Perché non attivare le istituzioni rappresentative all’estero per raggiungere ed estendere accordi bilaterali e creare opportunità di inserimento lavorativo dei nuovi arrivati, invece di lasciarli in balia del sistema dei visti e di questo o quel datore di lavoro? Perché tutto questo deve essere lasciato all’iniziativa di singole associazioni e al loro ammirabile entusiasmo, invece di essere programmato e discusso nelle sedi competenti? Perché non dovrebbe essere nell’interesse di uno Stato, che su questi giovani ha investito per oltre 20 anni della loro vita, aiutarli a rendere più effettiva e produttiva l’esperienza migratoria, invece di lasciare ciascuno al proprio tortuoso percorso, alla ricerca di un incerto successo, giorno dopo giorno, di fronte ad una distanza più incolmabile e ad un ritorno più incerto?

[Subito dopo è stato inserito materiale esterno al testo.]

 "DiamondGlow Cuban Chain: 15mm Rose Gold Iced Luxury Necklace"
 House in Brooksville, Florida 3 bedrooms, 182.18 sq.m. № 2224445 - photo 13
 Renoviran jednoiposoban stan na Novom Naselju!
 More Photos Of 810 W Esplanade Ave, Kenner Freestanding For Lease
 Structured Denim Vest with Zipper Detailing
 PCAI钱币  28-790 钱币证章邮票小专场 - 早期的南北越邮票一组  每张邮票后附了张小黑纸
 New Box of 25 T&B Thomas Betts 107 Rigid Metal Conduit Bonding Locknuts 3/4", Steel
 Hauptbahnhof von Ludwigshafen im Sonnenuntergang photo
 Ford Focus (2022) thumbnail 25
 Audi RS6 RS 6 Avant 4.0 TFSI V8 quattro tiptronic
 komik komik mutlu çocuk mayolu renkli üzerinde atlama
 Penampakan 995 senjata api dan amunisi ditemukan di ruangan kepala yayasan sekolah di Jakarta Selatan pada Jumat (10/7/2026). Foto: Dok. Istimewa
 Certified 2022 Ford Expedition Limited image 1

La via verso i propri sogni, per la maggior parte di noi, è una strada scoscesa, angusta e tortuosa, di cui a stento si vede il prossimo passo: mentre guidavo per la prima volta fuori da Melbourne e guardavo ammutolito quelle incolmabili distanze scorrere dal finestrino, fino all’orizzonte, su strade larghe e vuote, mi ero distaccato per sempre dalla via dei miei sogni. Ora l’unico modo per riavvicinarmi a quella via è il ritorno al mio Paese, l’Italia. Questa è però una via quanto mai erta e impervia, sospesa tra un presente pieno di piccole conquiste e grandi incertezze, e un futuro ancora più vago, come la speranza di un filo teso su questa enorme distanza.